Quando a atleta mergulhava nesse novo desafio, uma nova rasteira do vírus. O pai, Hugo Trevisi, referência internacional na área da ortodontia, foi internado por causa da covid-19. Em janeiro, aos 72 anos, ele não resistiu. "Meu pai era uma pessoa que você dizia: 'Esse vai viver até os 100 anos!'", lamenta a filha.

Por uma semana, Raquel não conseguia fazer nada além de sentir a dor. Com os pedidos de ajuda que chegavam por mensagens no celular, percebeu que era hora de voltar à ativa. "Comecei a acolher todo mundo, acalmar a dor de todo mundo e, consequentemente, acalmei a minha também", diz. Ao mesmo tempo, buscava honrar um desejo do pai. "Ele sempre falava: 'nunca esqueça de dizer que o pós-covid é tão grave quanto a doença'."

Até hoje, já foram mais de 600 famílias acolhidas, por profissionais da fisioterapia, medicina, psicologia, fonoaudiologia e nutrição. Outra vertente importante da ação é o acolhimento, não só do doente como também da família. "Não podemos esquecer de cuidar da pessoa que cuida", explica a dentista. Os atendimentos feitos pelos mais de mil voluntários cadastrados, ocorrem, na maioria das vezes, de forma remota.

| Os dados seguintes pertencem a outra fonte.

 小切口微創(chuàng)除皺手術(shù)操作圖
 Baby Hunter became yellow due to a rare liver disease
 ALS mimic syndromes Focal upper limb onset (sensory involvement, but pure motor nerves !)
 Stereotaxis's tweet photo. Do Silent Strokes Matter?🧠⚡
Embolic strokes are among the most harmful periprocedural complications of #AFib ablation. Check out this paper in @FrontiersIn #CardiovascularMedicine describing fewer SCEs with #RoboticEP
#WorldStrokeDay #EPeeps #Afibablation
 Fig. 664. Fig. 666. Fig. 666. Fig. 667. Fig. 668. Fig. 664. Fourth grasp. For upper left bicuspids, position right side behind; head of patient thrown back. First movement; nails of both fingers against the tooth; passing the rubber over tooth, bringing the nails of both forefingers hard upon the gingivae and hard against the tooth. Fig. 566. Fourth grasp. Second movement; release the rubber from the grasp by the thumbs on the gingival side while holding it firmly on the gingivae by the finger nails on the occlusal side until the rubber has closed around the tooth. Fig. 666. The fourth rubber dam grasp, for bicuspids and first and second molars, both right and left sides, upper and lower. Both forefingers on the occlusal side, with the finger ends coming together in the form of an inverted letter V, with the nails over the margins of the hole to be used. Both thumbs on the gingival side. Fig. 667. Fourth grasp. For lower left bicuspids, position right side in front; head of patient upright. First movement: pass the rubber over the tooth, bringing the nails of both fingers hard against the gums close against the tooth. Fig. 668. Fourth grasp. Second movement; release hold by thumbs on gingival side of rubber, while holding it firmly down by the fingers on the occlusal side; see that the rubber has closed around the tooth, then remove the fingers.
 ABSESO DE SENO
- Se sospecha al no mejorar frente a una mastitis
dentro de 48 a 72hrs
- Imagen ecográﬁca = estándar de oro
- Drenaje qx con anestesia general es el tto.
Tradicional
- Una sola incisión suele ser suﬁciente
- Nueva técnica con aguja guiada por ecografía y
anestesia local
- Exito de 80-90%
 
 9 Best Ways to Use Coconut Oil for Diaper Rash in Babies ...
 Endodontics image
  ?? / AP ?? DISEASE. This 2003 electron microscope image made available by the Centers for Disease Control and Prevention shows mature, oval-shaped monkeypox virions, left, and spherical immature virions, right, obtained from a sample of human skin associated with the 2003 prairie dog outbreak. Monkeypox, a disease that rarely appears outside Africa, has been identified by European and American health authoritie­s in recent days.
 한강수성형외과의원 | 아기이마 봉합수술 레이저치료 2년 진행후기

Entre os acolhidos, está Márcia Parreira, de 48 anos. Quando teve covid, em outubro de 2020, chegou a ficar internada apenas por dois dias. No entanto, após uma semana em casa, passou a sentir forte dor no pé. A causa, descoberta em seguida, era uma trombose arterial. No caso dela, foi necessário amputar as duas pernas.

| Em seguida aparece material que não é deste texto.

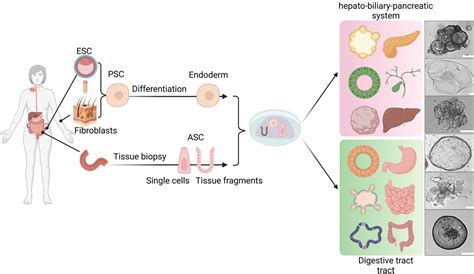Organoids In Gastrointestinal Diseases From Experimental Models To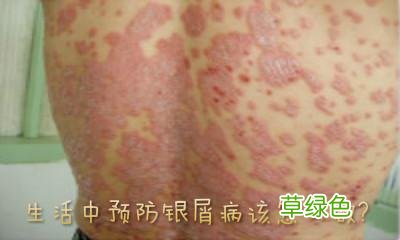 牛皮皮癣传染么 牛皮癣的原因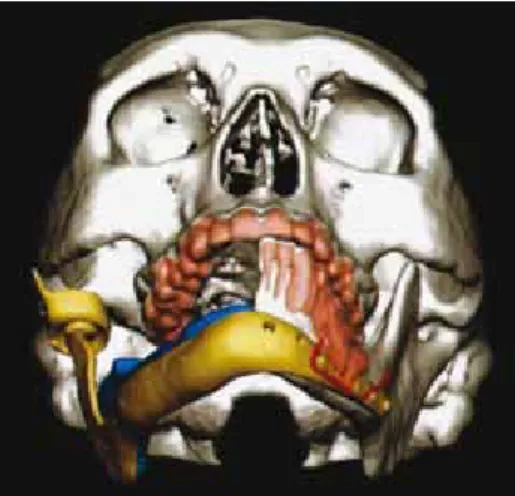 Figura 5. Diseño individual de prótesis hemimandibular de 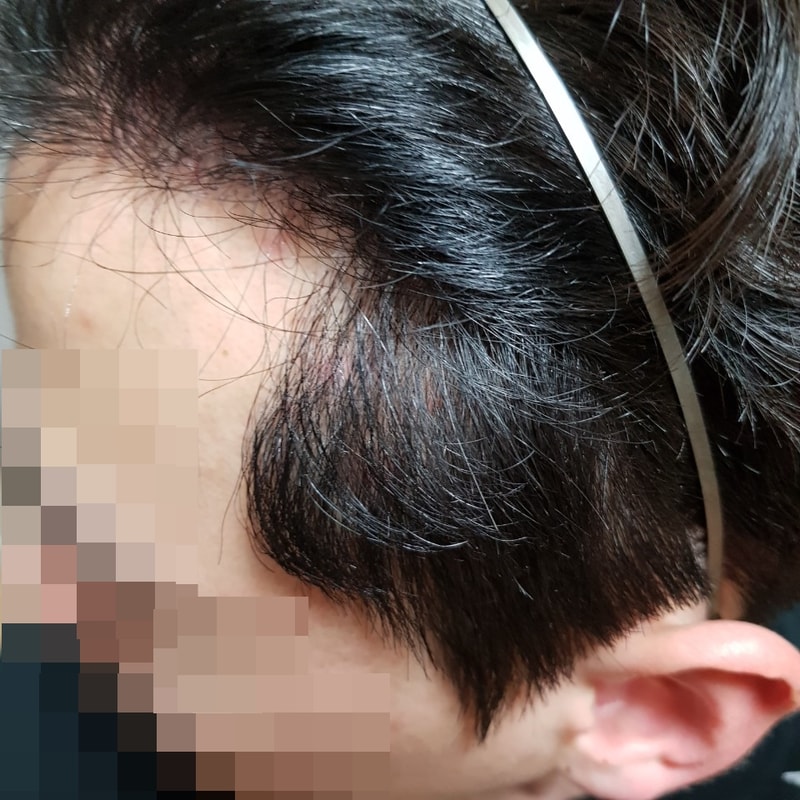 모자이크_좌.jpg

Raquel, ao se deparar com essa história nas redes sociais, correu para ajudar. Junto da NV Sociedade Solidária, de Franca, o Projeto Com vida arrecadou verba para custear as próteses. Raquel acompanha de longe, por meio de aplicativos de troca de mensagem. "Ela acabou de me mandar uma foto de pé. Que alegria!", comemorou a dentista, enquanto conversava com o Estadão.

"Depois de quase um ano, consegui ficar de pé e dar meus primeiros passos, felicidade transbordando", conta Márcia ao Estadão. "A Raquel, hoje, faz parte da minha família, mesmo não a conhecendo pessoalmente. Ela está no meu coração e ficará para sempre", continua. Pedidos de ajuda, doações e cadastro de voluntários podem ser feitos pelo site, pelo email contato@projetocomvida.com.br ou pelo telefone (18) 9-9669-3278.

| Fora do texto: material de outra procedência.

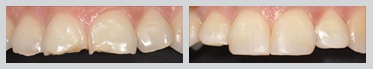 Before and After Composite Bonding Case 20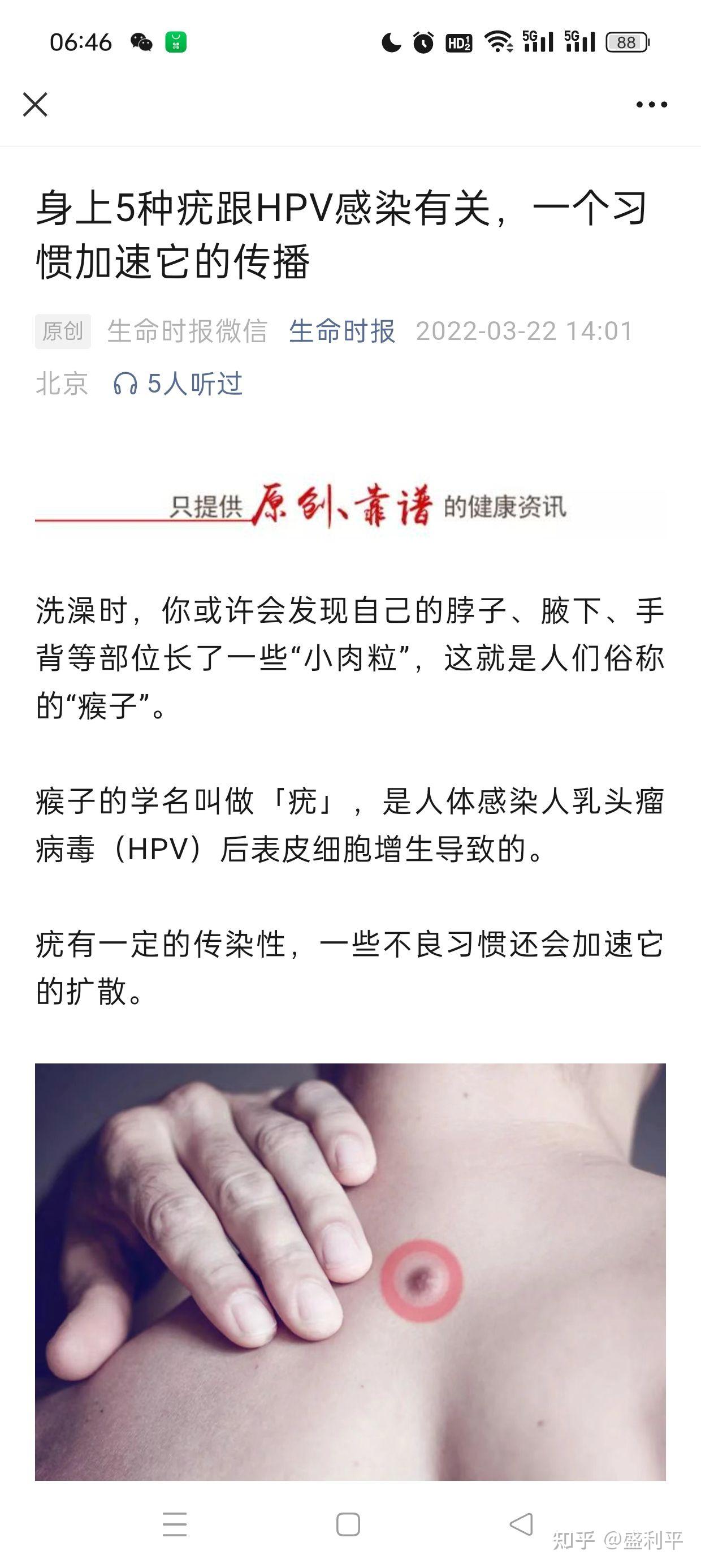 传染性软疣通过什么方式传染的应该怎么治疗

Ao mesmo tempo em que trabalha "de segunda a segunda" para que todos sejam atendidos, Raquel também trata suas próprias sequelas da covid. Após um ano da contaminação, os sintomas físicos persistem: dores, inchaços, esquecimentos e falta de sensibilidade em algumas partes do corpo. A iniciativa, segundo ela, agora se encontra em novo momento. "As UTIs sempre estiveram cheias. O projeto nasceu com a covid, mas já estamos abrindo as portas para outras famílias."